An exact repetition of the data below, without images, is the expected answer.

- Source material -
◆ ◆ ◆ ◆ ◆ ◆ ◆

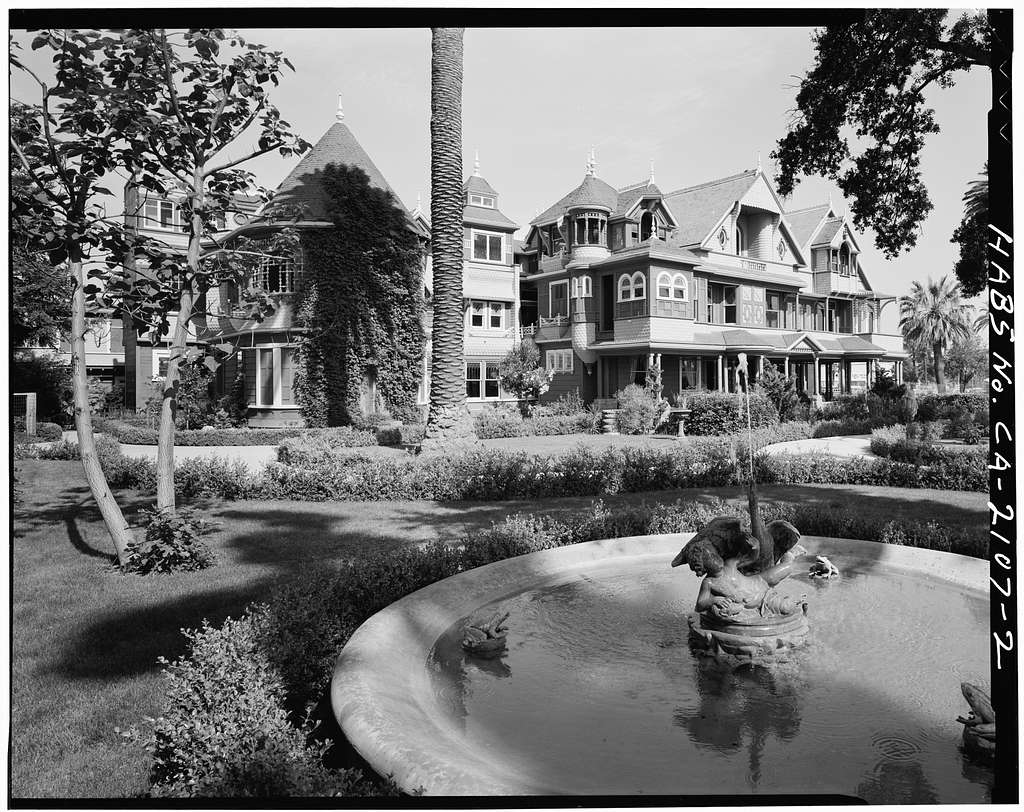 Black and white photo of a large mansion. A fountain and large palm tree are in the forefront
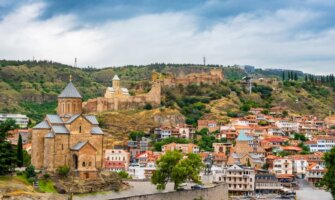 Tbilisi Old Town with historic buildings, churches, and city walls set into the rolling hills behind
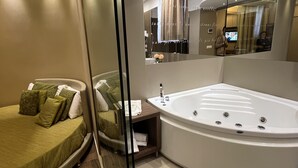 A modern bathroom with a large bathtub, a glass shower enclosure, and a seating area with a sofa and pillows. - Hotel Smeraldo (Qualiano)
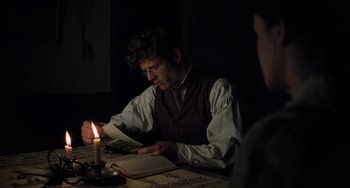 Movie still from “Little Women” (2019), directed by Greta Gerwig – A man sitting at a table reading a book; Medium shot, Over the shoulder angle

◆ ◆ ◆ ◆ ◆ ◆ ◆

- Answer box -
 Black and white photo of a large mansion. A fountain and large palm tree are in the forefront
 Tbilisi Old Town with historic buildings, churches, and city walls set into the rolling hills behind
 A modern bathroom with a large bathtub, a glass shower enclosure, and a seating area with a sofa and pillows. - Hotel Smeraldo (Qualiano)
 Movie still from “Little Women” (2019), directed by Greta Gerwig – A man sitting at a table reading a book; Medium shot, Over the shoulder angle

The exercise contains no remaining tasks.